Raw data Start Marker
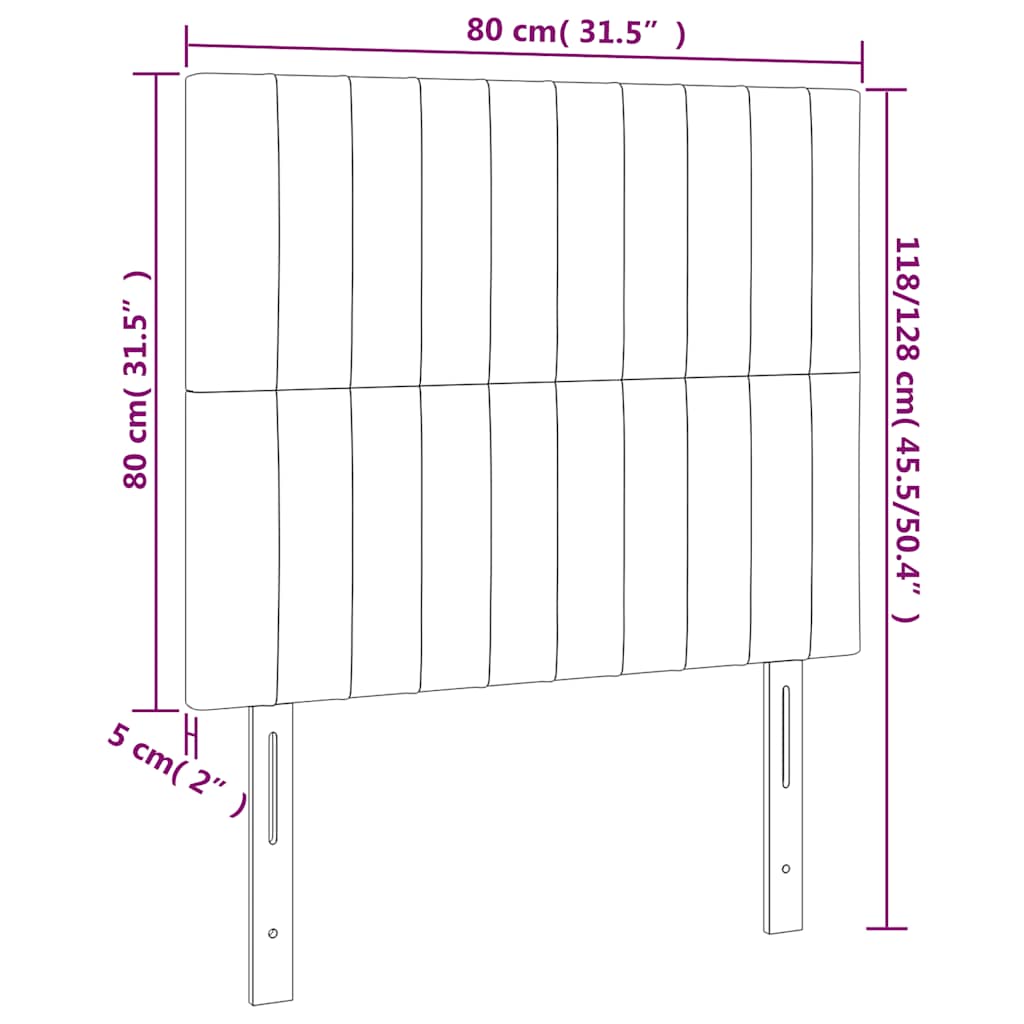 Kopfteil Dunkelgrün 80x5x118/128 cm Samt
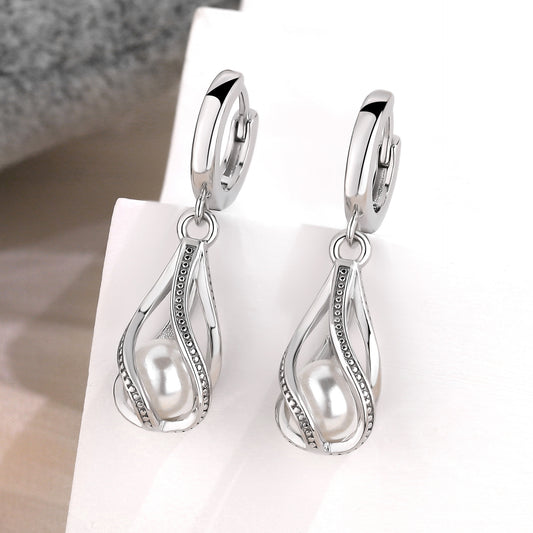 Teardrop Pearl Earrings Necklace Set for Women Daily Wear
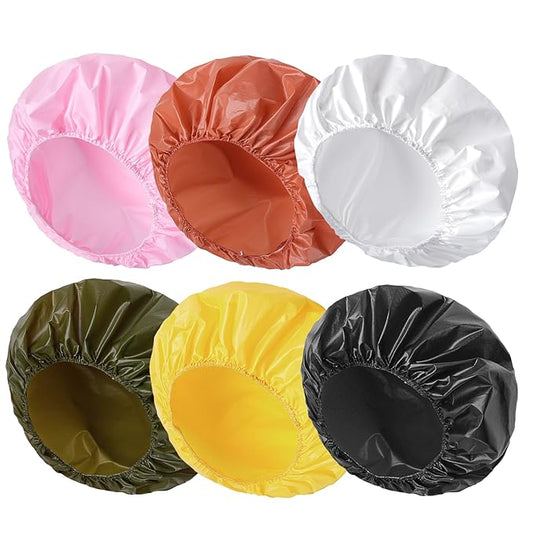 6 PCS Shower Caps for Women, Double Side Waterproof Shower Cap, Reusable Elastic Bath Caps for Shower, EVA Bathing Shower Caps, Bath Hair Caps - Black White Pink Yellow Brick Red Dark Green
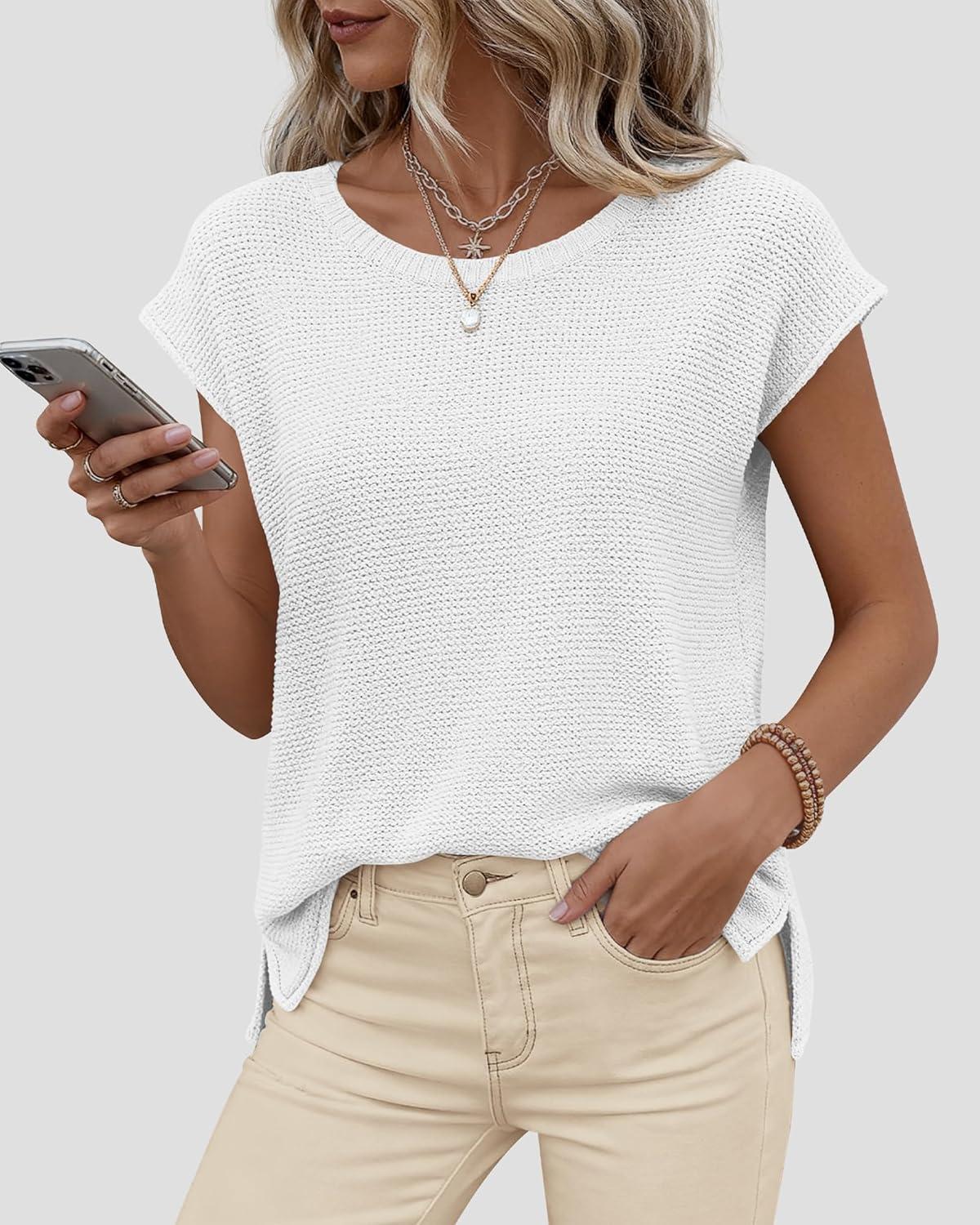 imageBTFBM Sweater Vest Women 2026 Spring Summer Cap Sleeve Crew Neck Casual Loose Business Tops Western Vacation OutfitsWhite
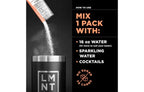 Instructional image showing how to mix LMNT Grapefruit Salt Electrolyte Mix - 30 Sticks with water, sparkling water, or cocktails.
Raw data End Marker
All entries above are to be restated exactly, with every image omitted.

» Result of the exercise
 Kopfteil Dunkelgrün 80x5x118/128 cm Samt
 Teardrop Pearl Earrings Necklace Set for Women Daily Wear
 6 PCS Shower Caps for Women, Double Side Waterproof Shower Cap, Reusable Elastic Bath Caps for Shower, EVA Bathing Shower Caps, Bath Hair Caps - Black White Pink Yellow Brick Red Dark Green
 imageBTFBM Sweater Vest Women 2026 Spring Summer Cap Sleeve Crew Neck Casual Loose Business Tops Western Vacation OutfitsWhite
 Instructional image showing how to mix LMNT Grapefruit Salt Electrolyte Mix - 30 Sticks with water, sparkling water, or cocktails.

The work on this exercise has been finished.